Feb 21, 2017 | By Benedict
Farsoon Technologies, a Chinese 3D printing company, has announced the successful testing of its 3D printed turbojet engine rotor pieces. The company says its 3D printed turbojet engine parts passed the 100,000-rotations-per-minute test.
Founded in 2009, Chinese company Farsoon Technologies has, over the last few years, given a number of signals that it intends to become a serious player in the global metal additive manufacturing industry. The company offers a number of metal 3D printing products and services, and last year expanded its operations to North America with the opening of Farsoon Americas. Those interested in the rapidly expanding crossover field between additive manufacturing and aerospace may be excited to hear that Farsoon has just taken a major step in the development of its 3D printed turbojet engine, putting the system through its paces and recording speeds of 100,000 rotations per minute.
Unless you’re an engineer, those figures can be hard to put into perspective. What is the significance of Farsoon’s 3D printed turbojet engine parts passing the 100,000 rpm mark? According to the company, it’s not so much about making planes fly faster, but more about creating an engine that is robust enough to withstand even the heaviest use. During its recent testing, Farsoon found that engine parts produced using traditional manufacturing methods ruptured at speeds below 100,000 turns per minute. So with the 3D printed parts surviving past that mark, there is good evidence to suggest that additive manufacturing can be used to create a better, stronger turbojet engine.
Following the successful testing of the 3D printed jet engine parts, Farsoon now plans to work the parts into a complete engine that can be integrated into an aircraft. The next step, the company says, will be aircraft engine optimization, to significantly reduce the number of parts and joints needed and to improve the overall engine life. The 3D printed parts will also be put through their paces at even higher speeds (160,000 rotations per minute) to see how they cope.

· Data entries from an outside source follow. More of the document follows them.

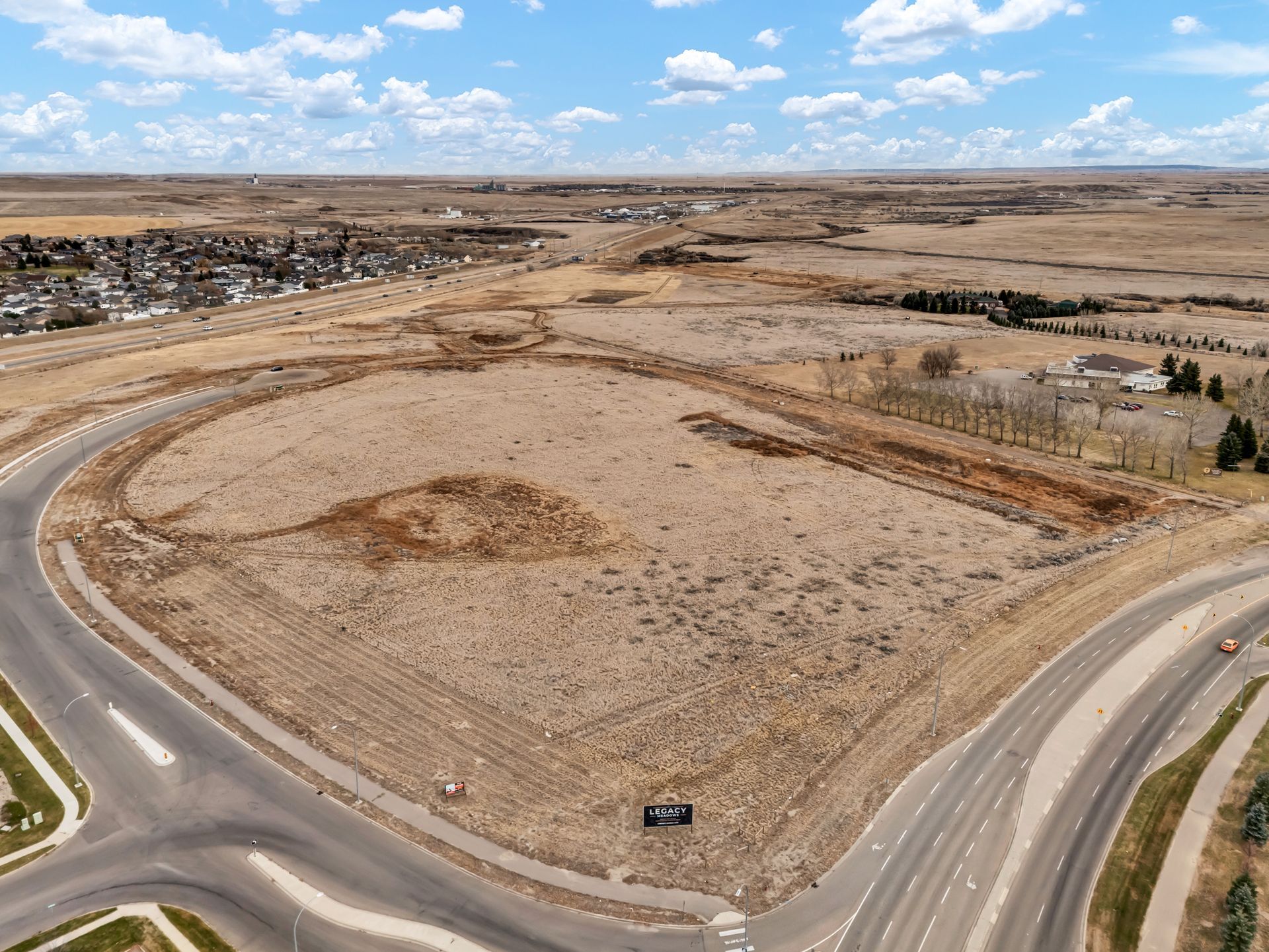 3010 Strachan Rd SE, Medicine Hat, AB for lease Primary Photo- Image 1 of 5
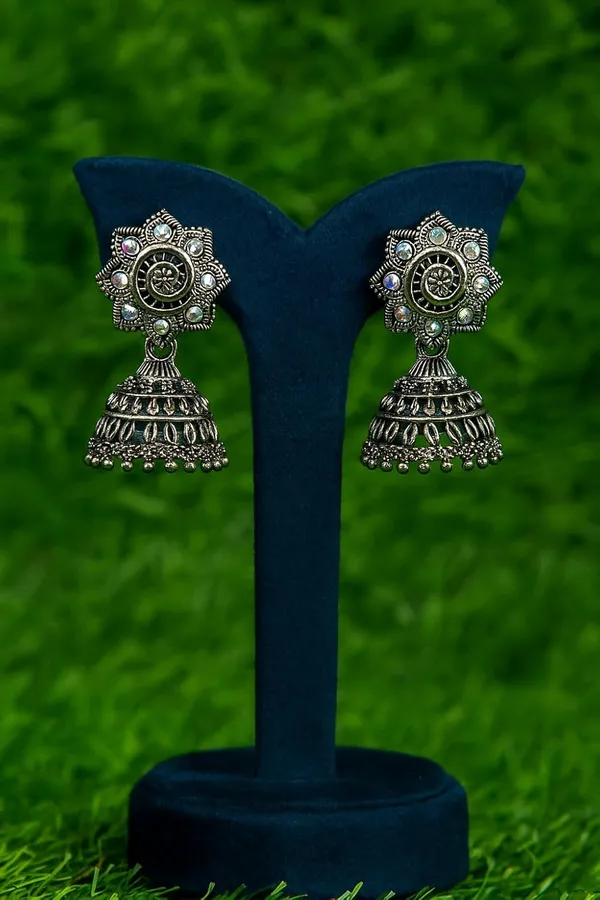 Traditional_Oxidized_Silver_Jhumka_Earrings_Set
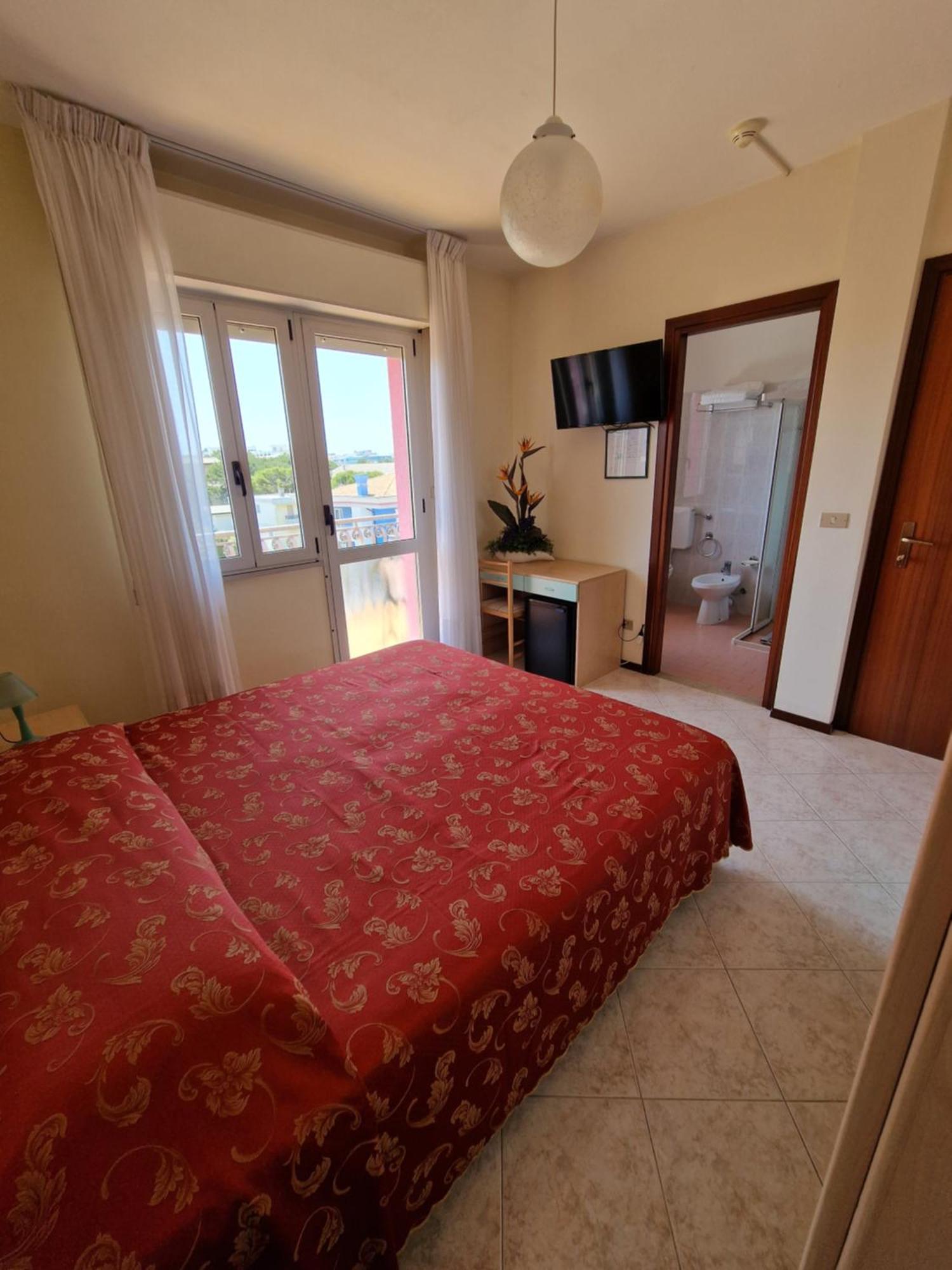 Hotel Di Giovanni Bibione Ruang foto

According to the Chinese 3D printing company, selective laser sintering (SLS) was used to produce stator and rotor parts, evading the limitations of the traditional processes of structural design, and producing a complex, long, and narrow channel for the rotor structure. The result of this process was that the heat transfer effect for these structural parts could be increased by 90 percent. Farsoon reported that nanometer-scale silicon particles were obtained at a cooling rate of more than 104℃/s, which greatly improved the mechanical properties of certain parts, with the yield strength and tensile strength of the material nearly doubled. The company also said that its Nickel-based alloy rotor parts are now up the performance standards of traditional forged parts.
3D printing was also used to research, design, and prototype core parts of a new pump for the turbojet engine.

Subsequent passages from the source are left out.